Ruben Palomares’ childhood was far from idyllic. He was born in Jalisco, Mexico, on Nov. 18, 1969, the result of a union between his mother and a man who took advantage of her and then abandoned her at a bus stop.

His mother later married another man, who moved the family to Los Angeles when Palomares was a year old.

Money was a constant struggle for the family. Every year it seemed there was another mouth to feed. In all, there were 10 children in the Palomares family. His stepfather worked in construction but frequently lost jobs, Palomares said in court documents, because he was a drunk. To help out, Palomares collected aluminum cans. At age 12, when he started working in construction, his favorite uncle was killed in a drug deal gone awry.

Young Palomares had other problems, too.
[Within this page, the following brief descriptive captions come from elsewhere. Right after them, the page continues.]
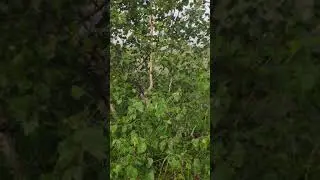 Приехали на речку Плотникова Камчатка ☝️ а рыбу не вижу 🧐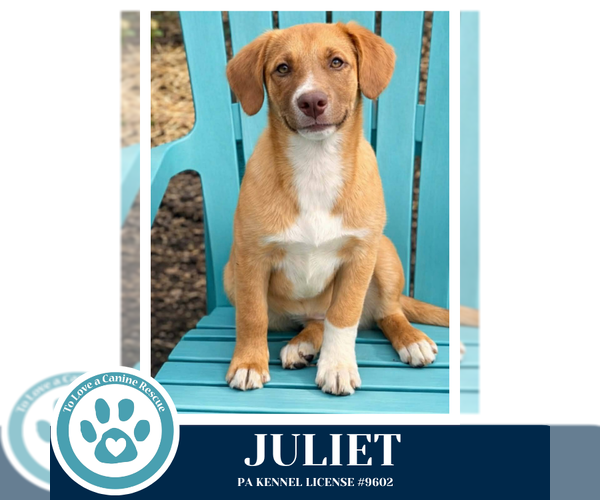 Medium Photo #3 Labrador Retriever-Unknown Mix Puppy For Sale in Kimberton, PA, USA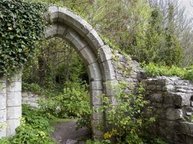 Een ruïne van een stenen poort, overwoekerd door planten, herinnering aan een vorig leven.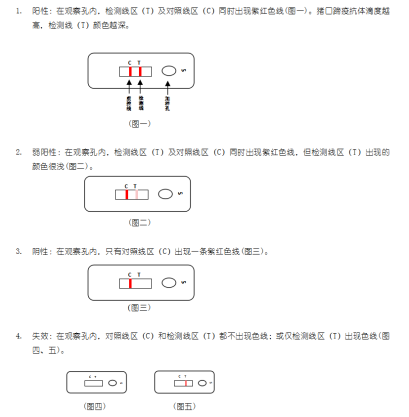 狂犬病毒抗體膠體金快速檢測(cè)卡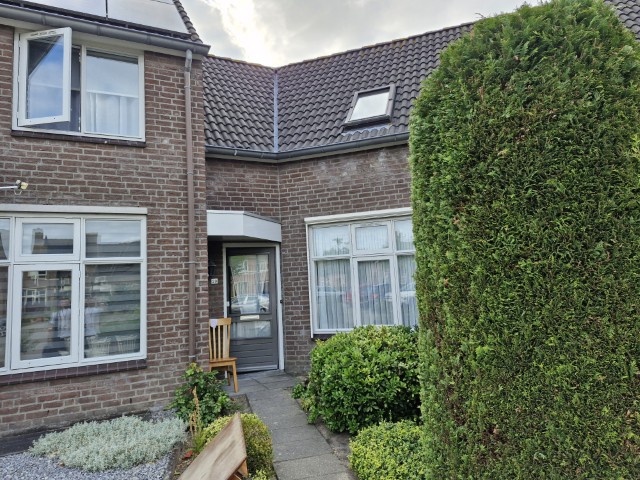 Horselaar 29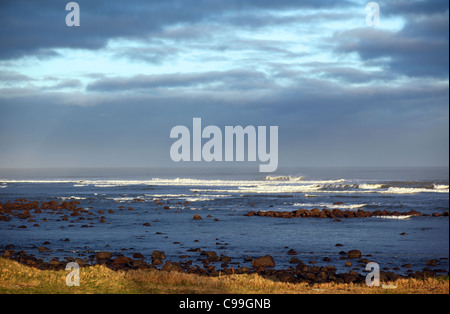 La costa rocciosa di Taranaki sud, Nuova Zelanda Foto Stock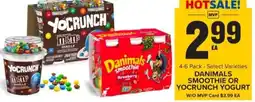 Food Lion Danimals smoothie or yocrunch yogurt offer
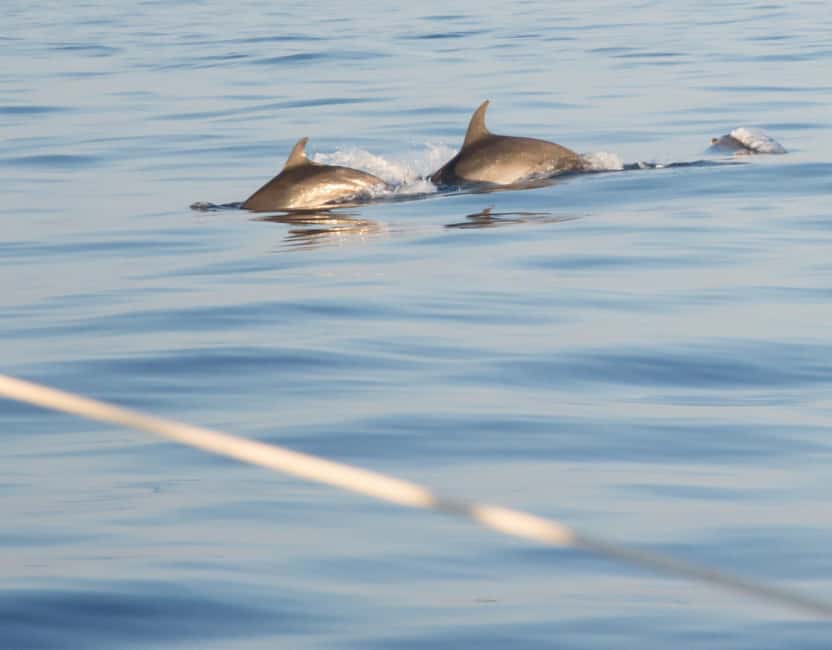 North Coast Dolphins Sunrise Adventure Tour - Swimming and snorkeling at the quiet-water stop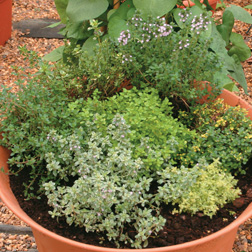 Thyme Plant Collection - 5 jumbo plugs - 1 of each variety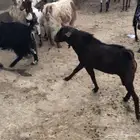 فحل معزا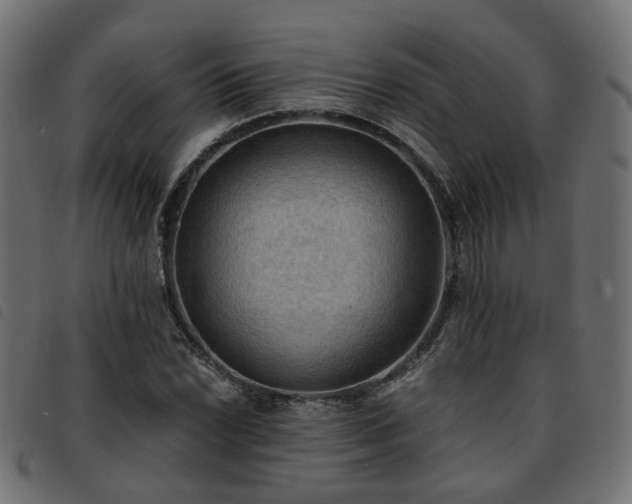 X0000093591022200710151200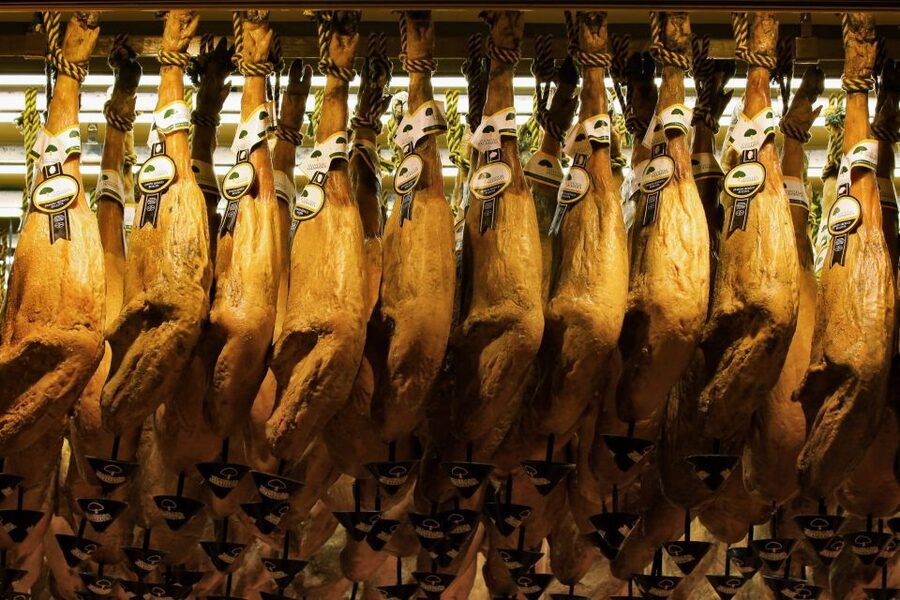 From Granada: Day Trip to Trevélez with Ham Factory - What the ham tasting adds to the day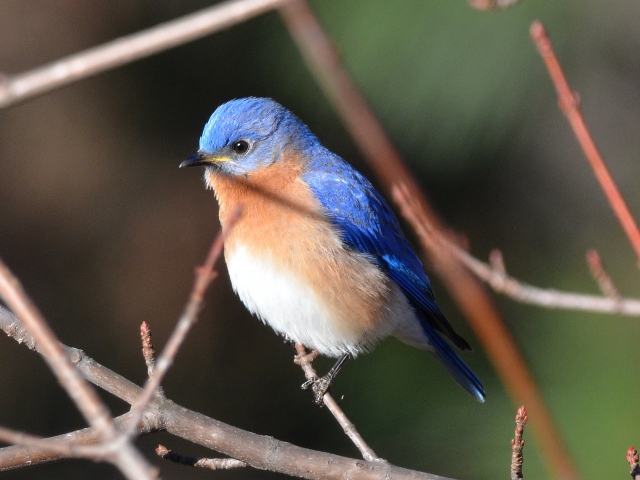 Eastern Bluebirds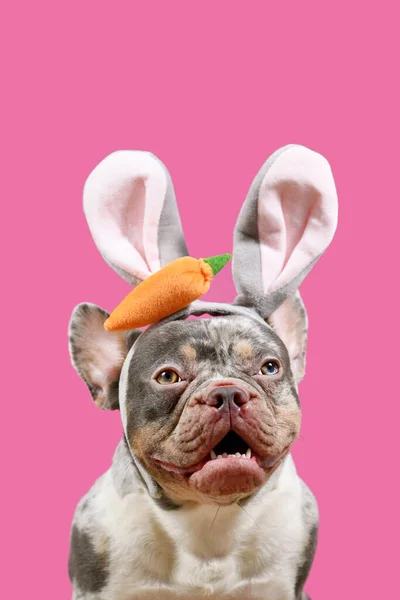 Szczęśliwy Francuski Bulldog Noszenie Easter Bunny Kostiumy Epoki Różowym Tle — Zdjęcie stockowe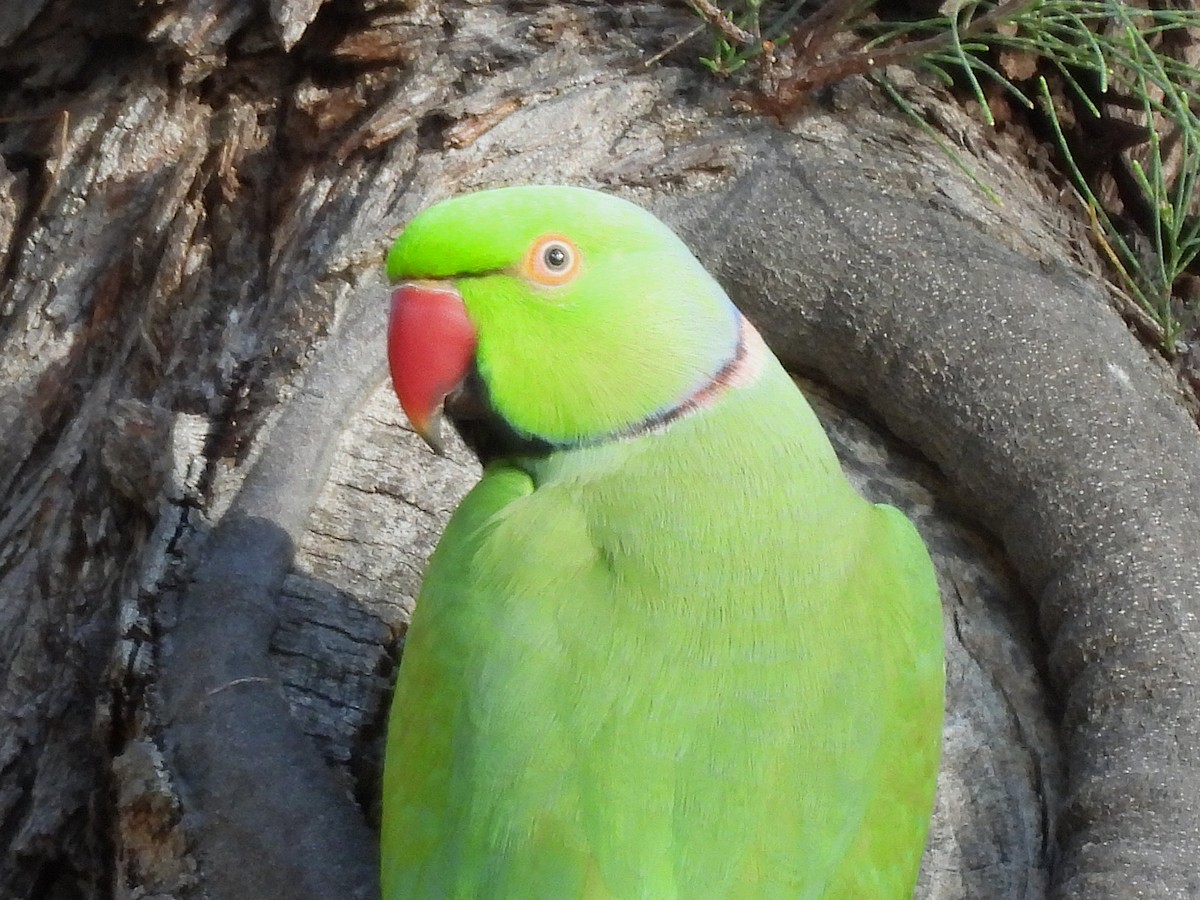 Попугай Крамера - ML645432321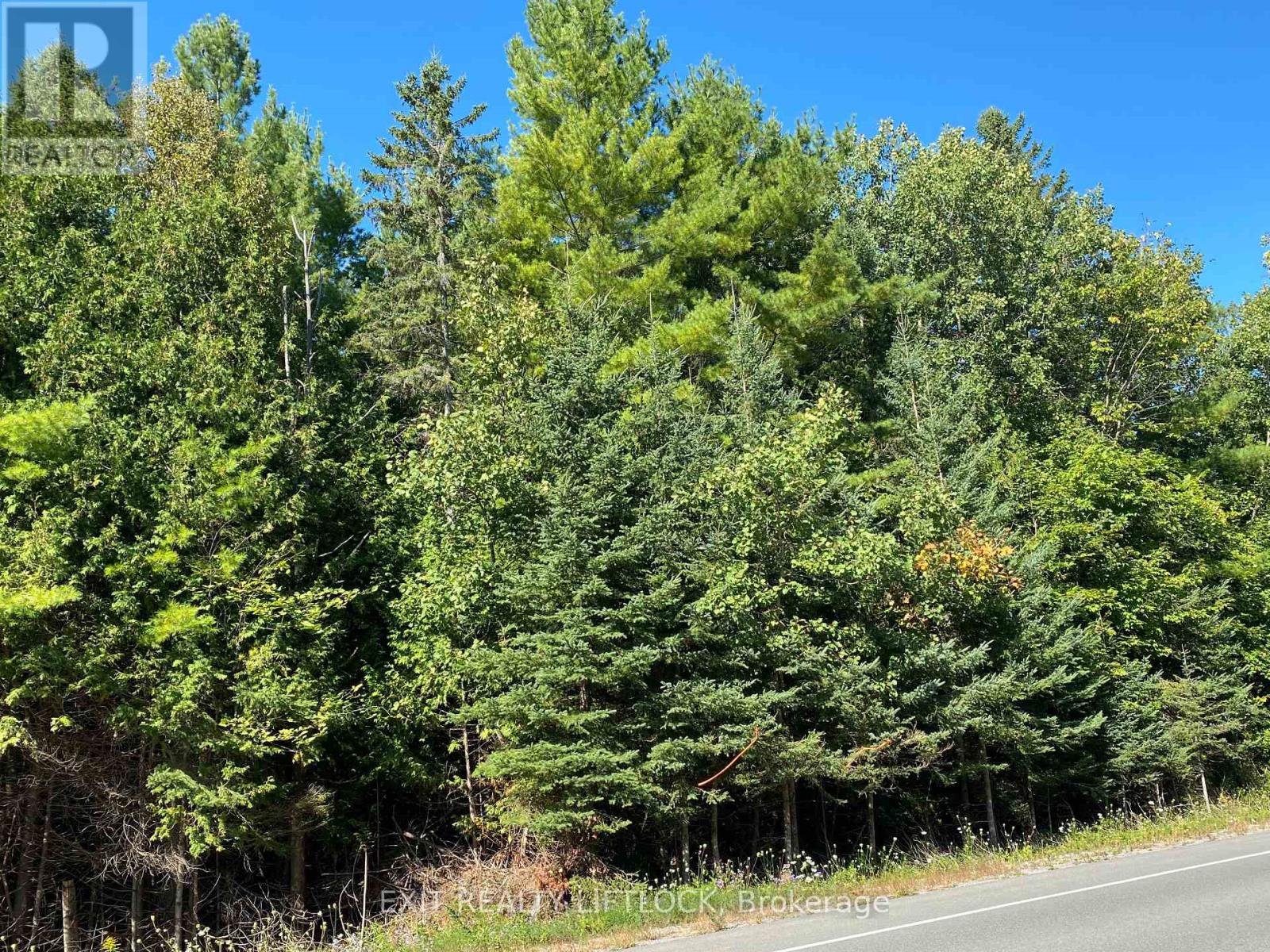 590 County Rd 40, Douro-Dummer, Ontario  K0L 2V0 - Photo 4 - X12047388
He said his stepfather was physically abusive. Palomares said he “couldn’t even look at him for fear it would set him off.” To escape his troubled home life, Palomares immersed himself in sports. At the Hollenbeck Youth Center in East Los Angeles, he started boxing. When he was 16, he entered his first Golden Gloves tournament -- and won it.

His aspirations for making the 1988 Olympics were dashed because he wasn’t a U.S. citizen. Undeterred, he became one at 19 and trained for the 1992 Olympics, sparring with the likes of Oscar de la Hoya.

Shortly after graduating from high school, Palomares started dating a pretty girl named Reyna. They fell in love as he continued to train for the Olympics. They married not long after Reyna became pregnant with the first of their three children.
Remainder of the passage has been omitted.